■ **Dataset content**
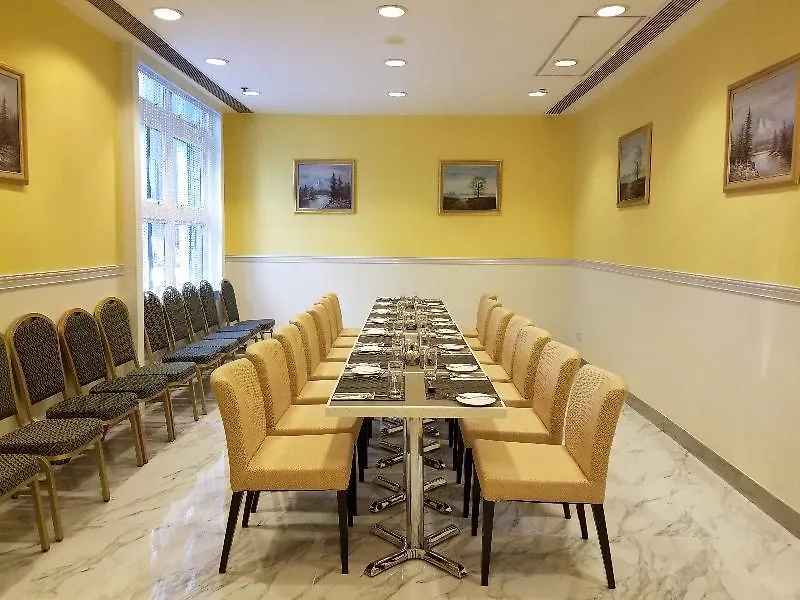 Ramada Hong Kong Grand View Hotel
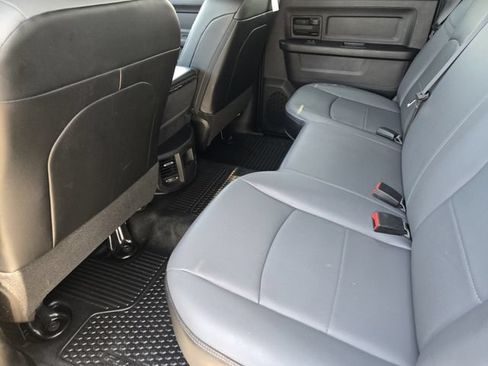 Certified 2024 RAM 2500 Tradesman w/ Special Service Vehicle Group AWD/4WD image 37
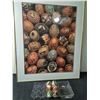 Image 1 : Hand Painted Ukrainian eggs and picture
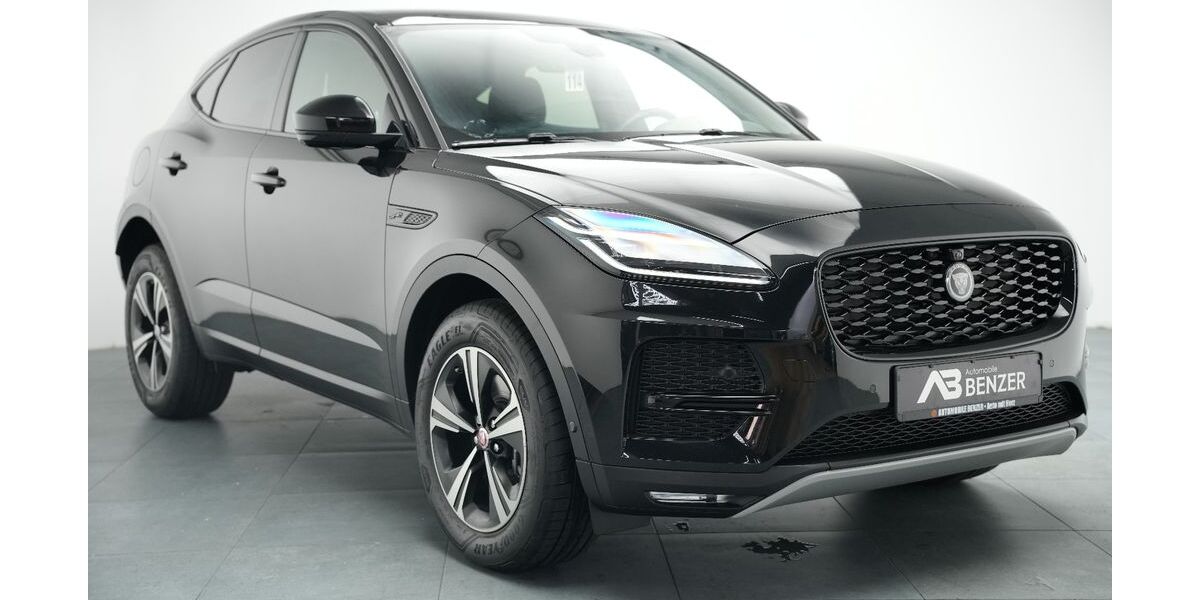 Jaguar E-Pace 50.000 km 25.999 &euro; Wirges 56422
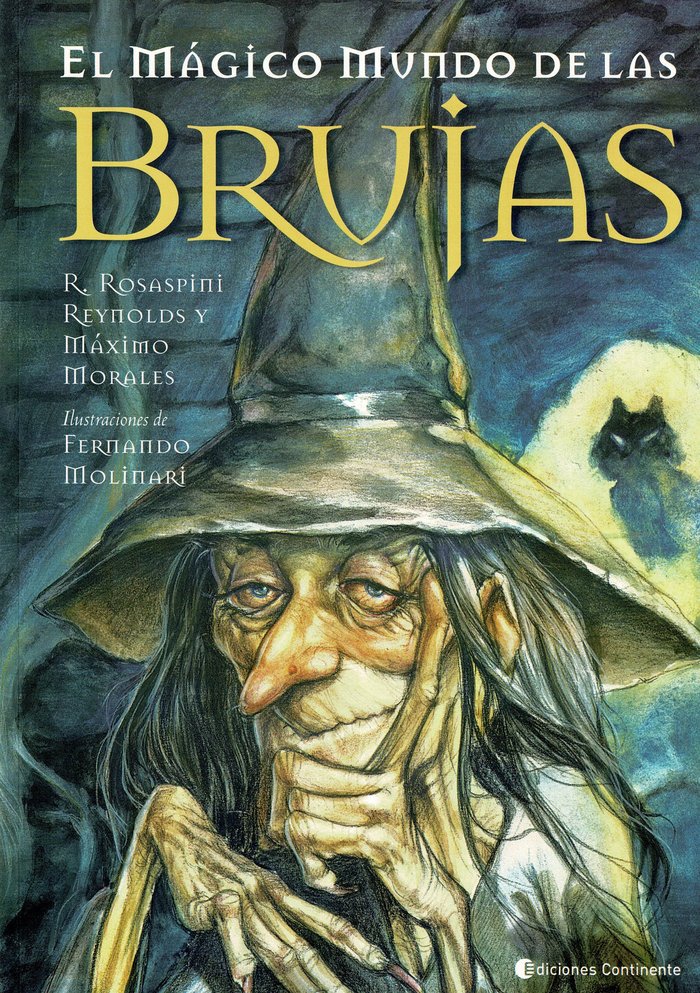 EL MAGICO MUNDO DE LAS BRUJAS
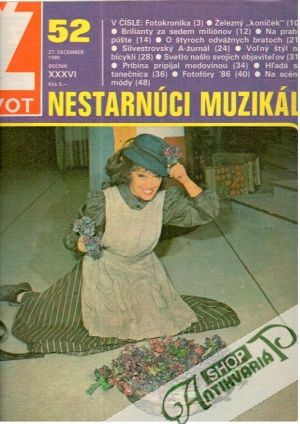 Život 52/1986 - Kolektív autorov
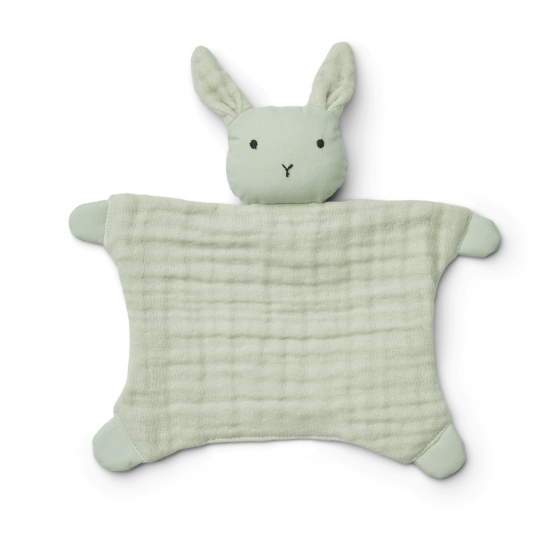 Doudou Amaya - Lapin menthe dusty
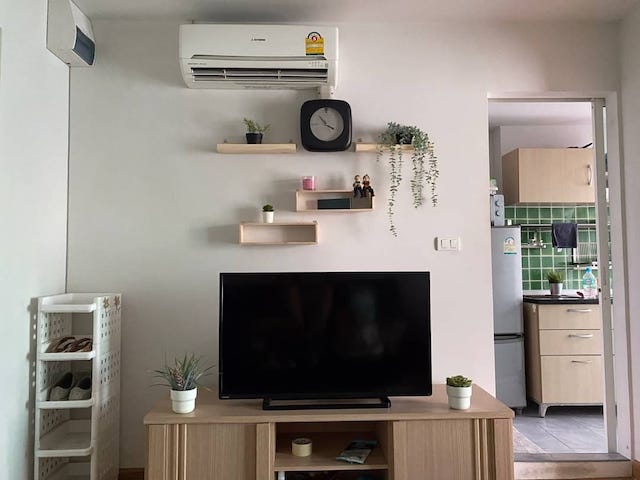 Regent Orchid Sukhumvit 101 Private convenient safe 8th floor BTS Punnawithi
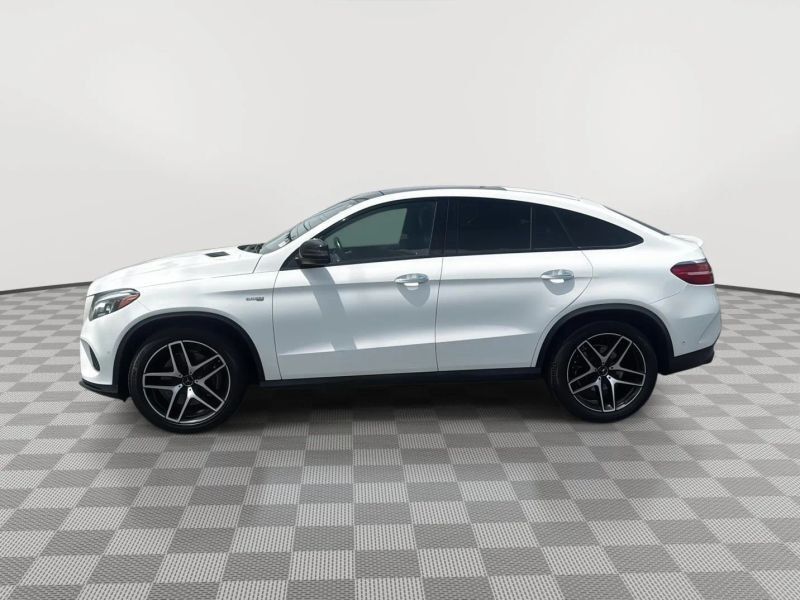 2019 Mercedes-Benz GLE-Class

■ **Task prompt**
Reproduce exactly the lines from the beginning of the material down to the line containing "Regent Orchid Sukhumvit", both ends included, but not the pictures or anything after.

■ **Task output**
 Ramada Hong Kong Grand View Hotel
 Certified 2024 RAM 2500 Tradesman w/ Special Service Vehicle Group AWD/4WD image 37
 Image 1 : Hand Painted Ukrainian eggs and picture
 Jaguar E-Pace 50.000 km 25.999 &euro; Wirges 56422
 EL MAGICO MUNDO DE LAS BRUJAS
 Život 52/1986 - Kolektív autorov
 Doudou Amaya - Lapin menthe dusty
 Regent Orchid Sukhumvit 101 Private convenient safe 8th floor BTS Punnawithi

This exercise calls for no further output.